*** Begin section ***
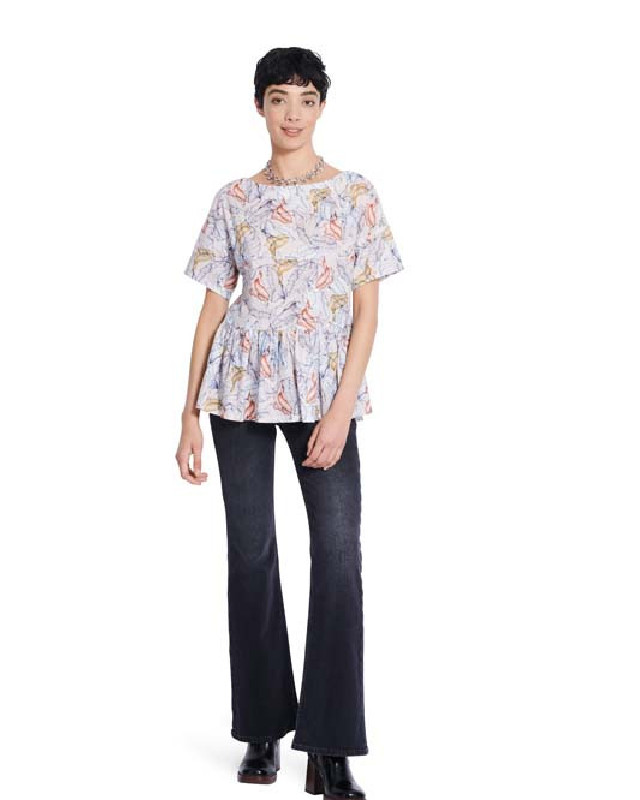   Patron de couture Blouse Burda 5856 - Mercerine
*** End section ***
*** Begin section ***
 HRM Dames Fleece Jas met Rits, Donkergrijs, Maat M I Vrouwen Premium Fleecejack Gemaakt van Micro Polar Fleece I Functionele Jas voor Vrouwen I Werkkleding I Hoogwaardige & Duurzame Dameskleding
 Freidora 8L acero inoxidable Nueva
*** End section ***
*** Begin section ***
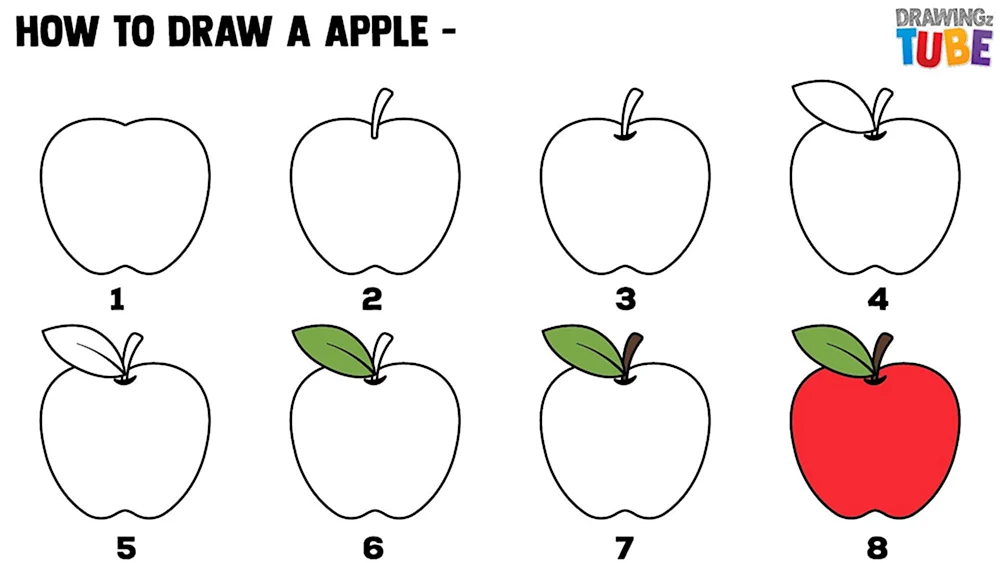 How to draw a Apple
*** End section ***
== Exercise instructions ==
Take the lines above from the one containing "HRM Dames Fleece" down to the one containing "Freidora 8L acero inoxidable Nueva", and transcribe them exactly, both ends included.

== Problem solution ==
 HRM Dames Fleece Jas met Rits, Donkergrijs, Maat M I Vrouwen Premium Fleecejack Gemaakt van Micro Polar Fleece I Functionele Jas voor Vrouwen I Werkkleding I Hoogwaardige & Duurzame Dameskleding
 Freidora 8L acero inoxidable Nueva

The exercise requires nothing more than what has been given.